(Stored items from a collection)
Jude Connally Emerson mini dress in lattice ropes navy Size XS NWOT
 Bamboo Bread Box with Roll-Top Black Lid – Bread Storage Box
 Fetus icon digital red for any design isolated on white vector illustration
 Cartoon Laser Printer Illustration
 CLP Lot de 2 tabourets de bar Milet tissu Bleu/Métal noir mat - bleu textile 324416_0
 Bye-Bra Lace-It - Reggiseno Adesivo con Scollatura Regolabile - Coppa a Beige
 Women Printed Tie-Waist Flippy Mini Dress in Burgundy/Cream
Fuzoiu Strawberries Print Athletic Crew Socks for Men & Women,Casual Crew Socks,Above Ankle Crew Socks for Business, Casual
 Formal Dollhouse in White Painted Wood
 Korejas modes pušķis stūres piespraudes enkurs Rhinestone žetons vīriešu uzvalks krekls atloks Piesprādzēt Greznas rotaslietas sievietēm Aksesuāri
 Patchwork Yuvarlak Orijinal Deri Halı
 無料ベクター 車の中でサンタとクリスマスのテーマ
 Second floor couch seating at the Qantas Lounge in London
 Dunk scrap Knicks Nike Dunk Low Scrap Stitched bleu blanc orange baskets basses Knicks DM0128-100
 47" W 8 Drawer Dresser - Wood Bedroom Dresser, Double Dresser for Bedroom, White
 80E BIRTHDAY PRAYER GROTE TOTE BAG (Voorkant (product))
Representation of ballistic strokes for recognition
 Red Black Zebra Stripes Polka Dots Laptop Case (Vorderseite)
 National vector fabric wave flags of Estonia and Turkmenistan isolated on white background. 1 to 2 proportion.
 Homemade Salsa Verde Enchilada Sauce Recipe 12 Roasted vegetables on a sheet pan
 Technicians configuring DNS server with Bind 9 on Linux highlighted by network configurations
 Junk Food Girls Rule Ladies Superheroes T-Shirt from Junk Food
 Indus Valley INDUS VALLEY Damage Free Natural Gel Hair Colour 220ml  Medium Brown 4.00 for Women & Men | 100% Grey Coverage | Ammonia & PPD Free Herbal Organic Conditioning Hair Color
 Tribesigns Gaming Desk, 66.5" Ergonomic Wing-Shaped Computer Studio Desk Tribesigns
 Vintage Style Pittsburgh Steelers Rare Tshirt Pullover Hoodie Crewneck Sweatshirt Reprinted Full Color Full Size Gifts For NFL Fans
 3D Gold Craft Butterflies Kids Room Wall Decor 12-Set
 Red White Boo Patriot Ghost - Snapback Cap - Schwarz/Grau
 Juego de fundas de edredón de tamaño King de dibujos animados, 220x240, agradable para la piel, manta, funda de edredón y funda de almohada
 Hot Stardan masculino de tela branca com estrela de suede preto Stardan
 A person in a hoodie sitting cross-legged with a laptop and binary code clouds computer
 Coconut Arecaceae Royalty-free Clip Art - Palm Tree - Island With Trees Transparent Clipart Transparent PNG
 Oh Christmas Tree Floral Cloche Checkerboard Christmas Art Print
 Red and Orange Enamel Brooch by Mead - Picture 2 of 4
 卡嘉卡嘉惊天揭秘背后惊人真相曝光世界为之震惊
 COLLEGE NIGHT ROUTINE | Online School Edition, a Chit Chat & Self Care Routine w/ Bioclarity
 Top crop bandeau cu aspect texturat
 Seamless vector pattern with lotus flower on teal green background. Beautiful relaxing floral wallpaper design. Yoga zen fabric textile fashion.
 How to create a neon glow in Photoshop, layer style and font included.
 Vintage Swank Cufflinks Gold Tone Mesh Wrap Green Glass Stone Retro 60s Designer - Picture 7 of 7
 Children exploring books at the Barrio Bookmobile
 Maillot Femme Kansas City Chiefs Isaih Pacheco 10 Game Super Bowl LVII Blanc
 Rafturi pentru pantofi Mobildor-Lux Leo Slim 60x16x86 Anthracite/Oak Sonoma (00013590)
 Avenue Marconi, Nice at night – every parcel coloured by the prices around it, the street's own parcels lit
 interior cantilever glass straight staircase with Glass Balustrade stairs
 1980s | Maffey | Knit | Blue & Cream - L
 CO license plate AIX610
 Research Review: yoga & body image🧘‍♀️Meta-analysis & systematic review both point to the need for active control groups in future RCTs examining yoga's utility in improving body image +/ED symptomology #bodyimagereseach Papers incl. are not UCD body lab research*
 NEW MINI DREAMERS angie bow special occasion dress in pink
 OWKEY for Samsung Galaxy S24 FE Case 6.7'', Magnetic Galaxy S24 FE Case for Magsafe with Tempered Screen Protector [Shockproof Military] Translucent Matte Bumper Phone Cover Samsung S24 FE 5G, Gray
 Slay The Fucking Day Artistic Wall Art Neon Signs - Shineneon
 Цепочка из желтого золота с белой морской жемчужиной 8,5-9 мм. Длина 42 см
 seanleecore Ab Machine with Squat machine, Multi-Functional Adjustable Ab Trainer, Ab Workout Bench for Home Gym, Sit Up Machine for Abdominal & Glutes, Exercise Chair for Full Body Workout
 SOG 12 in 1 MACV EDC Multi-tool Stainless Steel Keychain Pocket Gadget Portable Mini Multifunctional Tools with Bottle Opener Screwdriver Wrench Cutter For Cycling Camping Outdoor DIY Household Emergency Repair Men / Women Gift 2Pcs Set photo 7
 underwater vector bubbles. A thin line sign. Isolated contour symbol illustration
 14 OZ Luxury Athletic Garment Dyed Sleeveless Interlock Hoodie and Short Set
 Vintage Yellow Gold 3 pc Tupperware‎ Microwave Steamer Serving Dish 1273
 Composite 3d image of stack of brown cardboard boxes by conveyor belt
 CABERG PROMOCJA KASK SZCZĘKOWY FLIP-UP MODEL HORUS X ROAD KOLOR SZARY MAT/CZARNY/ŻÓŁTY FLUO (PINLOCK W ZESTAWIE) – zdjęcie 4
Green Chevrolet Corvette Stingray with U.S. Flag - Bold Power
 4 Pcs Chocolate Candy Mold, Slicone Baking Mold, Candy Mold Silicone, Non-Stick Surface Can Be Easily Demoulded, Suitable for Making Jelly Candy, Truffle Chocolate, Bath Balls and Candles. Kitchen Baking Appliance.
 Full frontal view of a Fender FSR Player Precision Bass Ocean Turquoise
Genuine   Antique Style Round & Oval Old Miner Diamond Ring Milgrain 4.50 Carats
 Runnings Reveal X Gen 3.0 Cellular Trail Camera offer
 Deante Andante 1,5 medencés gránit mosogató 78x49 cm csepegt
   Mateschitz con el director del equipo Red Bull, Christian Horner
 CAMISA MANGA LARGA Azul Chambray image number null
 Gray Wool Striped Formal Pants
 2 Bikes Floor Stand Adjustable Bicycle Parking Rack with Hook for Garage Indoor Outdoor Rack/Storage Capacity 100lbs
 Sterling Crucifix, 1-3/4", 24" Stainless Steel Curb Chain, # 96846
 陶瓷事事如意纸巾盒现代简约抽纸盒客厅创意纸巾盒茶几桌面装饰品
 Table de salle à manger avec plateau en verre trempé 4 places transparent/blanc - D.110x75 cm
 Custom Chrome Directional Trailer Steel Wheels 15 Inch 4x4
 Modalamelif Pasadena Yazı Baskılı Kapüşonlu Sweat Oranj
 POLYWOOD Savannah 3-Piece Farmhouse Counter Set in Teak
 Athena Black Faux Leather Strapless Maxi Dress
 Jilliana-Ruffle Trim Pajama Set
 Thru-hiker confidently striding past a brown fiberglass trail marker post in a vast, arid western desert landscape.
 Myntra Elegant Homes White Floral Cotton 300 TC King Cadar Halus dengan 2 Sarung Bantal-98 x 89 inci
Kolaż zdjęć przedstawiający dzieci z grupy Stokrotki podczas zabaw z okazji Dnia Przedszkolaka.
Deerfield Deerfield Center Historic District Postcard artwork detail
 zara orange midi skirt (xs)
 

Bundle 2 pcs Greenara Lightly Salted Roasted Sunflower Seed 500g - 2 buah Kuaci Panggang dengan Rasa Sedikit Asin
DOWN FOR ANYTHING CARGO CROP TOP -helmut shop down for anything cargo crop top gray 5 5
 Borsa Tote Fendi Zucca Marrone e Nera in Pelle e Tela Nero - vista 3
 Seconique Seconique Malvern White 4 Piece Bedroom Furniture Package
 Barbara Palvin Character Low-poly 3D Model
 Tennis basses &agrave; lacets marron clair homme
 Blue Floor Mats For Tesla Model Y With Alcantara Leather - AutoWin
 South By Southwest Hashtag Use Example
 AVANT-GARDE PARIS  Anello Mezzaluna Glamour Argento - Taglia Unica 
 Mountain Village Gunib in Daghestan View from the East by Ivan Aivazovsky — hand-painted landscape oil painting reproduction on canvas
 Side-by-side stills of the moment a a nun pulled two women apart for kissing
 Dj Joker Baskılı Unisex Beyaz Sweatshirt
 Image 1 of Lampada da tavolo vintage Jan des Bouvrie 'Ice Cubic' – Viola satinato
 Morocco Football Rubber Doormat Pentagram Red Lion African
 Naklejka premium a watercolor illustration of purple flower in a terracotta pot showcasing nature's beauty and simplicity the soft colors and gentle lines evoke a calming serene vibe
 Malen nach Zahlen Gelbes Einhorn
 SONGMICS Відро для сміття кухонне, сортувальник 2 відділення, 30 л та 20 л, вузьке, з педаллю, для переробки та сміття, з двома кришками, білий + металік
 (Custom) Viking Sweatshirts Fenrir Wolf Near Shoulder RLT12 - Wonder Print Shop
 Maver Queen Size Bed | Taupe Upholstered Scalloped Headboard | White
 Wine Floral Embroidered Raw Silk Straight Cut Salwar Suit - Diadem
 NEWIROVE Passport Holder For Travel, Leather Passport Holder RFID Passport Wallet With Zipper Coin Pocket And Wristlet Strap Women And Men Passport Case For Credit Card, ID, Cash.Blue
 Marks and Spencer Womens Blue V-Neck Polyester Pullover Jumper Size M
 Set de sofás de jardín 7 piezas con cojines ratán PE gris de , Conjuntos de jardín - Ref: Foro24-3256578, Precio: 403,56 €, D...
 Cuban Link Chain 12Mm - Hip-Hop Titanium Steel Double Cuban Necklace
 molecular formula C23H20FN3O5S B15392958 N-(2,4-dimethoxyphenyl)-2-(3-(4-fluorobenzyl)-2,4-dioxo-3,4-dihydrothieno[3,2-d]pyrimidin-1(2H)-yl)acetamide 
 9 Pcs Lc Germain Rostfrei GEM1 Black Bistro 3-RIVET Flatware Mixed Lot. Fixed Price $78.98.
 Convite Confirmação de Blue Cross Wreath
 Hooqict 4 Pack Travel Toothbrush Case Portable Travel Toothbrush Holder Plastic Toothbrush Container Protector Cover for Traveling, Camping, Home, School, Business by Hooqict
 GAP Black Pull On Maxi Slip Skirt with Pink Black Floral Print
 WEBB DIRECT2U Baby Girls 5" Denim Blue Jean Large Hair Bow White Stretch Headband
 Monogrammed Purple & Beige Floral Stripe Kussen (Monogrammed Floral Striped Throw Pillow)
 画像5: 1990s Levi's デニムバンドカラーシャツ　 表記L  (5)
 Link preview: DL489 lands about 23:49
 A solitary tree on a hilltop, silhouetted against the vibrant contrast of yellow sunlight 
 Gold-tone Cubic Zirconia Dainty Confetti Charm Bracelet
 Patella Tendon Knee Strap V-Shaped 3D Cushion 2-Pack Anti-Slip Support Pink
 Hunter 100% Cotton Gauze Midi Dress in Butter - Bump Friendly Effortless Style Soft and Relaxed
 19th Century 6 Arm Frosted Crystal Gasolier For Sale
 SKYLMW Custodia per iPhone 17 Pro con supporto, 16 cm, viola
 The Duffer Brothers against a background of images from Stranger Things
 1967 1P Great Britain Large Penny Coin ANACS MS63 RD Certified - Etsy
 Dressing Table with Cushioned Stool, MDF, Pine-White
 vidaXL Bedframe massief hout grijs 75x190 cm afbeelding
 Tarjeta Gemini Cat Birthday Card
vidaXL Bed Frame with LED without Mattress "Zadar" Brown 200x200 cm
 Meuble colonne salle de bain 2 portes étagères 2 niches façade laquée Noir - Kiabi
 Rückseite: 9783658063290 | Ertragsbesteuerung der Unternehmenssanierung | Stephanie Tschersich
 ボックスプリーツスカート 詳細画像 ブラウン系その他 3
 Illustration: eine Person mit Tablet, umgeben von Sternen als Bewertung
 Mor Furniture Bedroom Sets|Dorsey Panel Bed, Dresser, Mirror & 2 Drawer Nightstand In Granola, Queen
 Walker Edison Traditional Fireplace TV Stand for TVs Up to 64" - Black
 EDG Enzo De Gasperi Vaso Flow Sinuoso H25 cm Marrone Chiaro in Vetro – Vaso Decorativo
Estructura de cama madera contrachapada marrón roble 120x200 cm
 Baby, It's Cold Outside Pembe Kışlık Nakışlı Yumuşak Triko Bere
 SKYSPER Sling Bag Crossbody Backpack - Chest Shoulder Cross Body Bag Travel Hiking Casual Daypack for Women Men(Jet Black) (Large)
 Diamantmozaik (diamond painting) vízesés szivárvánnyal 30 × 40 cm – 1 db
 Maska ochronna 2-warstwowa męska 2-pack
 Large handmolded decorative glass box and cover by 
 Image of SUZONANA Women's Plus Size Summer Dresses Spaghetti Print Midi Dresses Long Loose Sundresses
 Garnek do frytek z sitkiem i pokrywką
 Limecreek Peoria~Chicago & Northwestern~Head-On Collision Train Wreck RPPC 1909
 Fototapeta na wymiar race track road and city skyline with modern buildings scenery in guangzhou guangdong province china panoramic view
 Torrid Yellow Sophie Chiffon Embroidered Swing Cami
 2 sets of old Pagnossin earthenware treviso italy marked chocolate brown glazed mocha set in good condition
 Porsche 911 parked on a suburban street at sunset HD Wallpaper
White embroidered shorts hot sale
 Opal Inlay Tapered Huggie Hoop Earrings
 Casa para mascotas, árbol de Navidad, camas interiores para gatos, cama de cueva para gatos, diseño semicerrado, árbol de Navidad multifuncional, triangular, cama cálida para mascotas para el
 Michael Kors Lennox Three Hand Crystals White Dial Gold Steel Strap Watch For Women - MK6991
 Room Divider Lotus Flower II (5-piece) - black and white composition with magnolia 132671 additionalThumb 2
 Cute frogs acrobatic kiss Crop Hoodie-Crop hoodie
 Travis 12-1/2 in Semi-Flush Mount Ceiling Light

> _Instructions for the task_
Set down exactly the lines of the data above, beginning with the line that has "19th Century 6" and ending with the line that has "Fototapeta na wymiar", and no others.

> _Completed task_
 19th Century 6 Arm Frosted Crystal Gasolier For Sale
 SKYLMW Custodia per iPhone 17 Pro con supporto, 16 cm, viola
 The Duffer Brothers against a background of images from Stranger Things
 1967 1P Great Britain Large Penny Coin ANACS MS63 RD Certified - Etsy
 Dressing Table with Cushioned Stool, MDF, Pine-White
 vidaXL Bedframe massief hout grijs 75x190 cm afbeelding
 Tarjeta Gemini Cat Birthday Card
vidaXL Bed Frame with LED without Mattress "Zadar" Brown 200x200 cm
 Meuble colonne salle de bain 2 portes étagères 2 niches façade laquée Noir - Kiabi
 Rückseite: 9783658063290 | Ertragsbesteuerung der Unternehmenssanierung | Stephanie Tschersich
 ボックスプリーツスカート 詳細画像 ブラウン系その他 3
 Illustration: eine Person mit Tablet, umgeben von Sternen als Bewertung
 Mor Furniture Bedroom Sets|Dorsey Panel Bed, Dresser, Mirror & 2 Drawer Nightstand In Granola, Queen
 Walker Edison Traditional Fireplace TV Stand for TVs Up to 64" - Black
 EDG Enzo De Gasperi Vaso Flow Sinuoso H25 cm Marrone Chiaro in Vetro – Vaso Decorativo
Estructura de cama madera contrachapada marrón roble 120x200 cm
 Baby, It's Cold Outside Pembe Kışlık Nakışlı Yumuşak Triko Bere
 SKYSPER Sling Bag Crossbody Backpack - Chest Shoulder Cross Body Bag Travel Hiking Casual Daypack for Women Men(Jet Black) (Large)
 Diamantmozaik (diamond painting) vízesés szivárvánnyal 30 × 40 cm – 1 db
 Maska ochronna 2-warstwowa męska 2-pack
 Large handmolded decorative glass box and cover by 
 Image of SUZONANA Women's Plus Size Summer Dresses Spaghetti Print Midi Dresses Long Loose Sundresses
 Garnek do frytek z sitkiem i pokrywką
 Limecreek Peoria~Chicago & Northwestern~Head-On Collision Train Wreck RPPC 1909
 Fototapeta na wymiar race track road and city skyline with modern buildings scenery in guangzhou guangdong province china panoramic view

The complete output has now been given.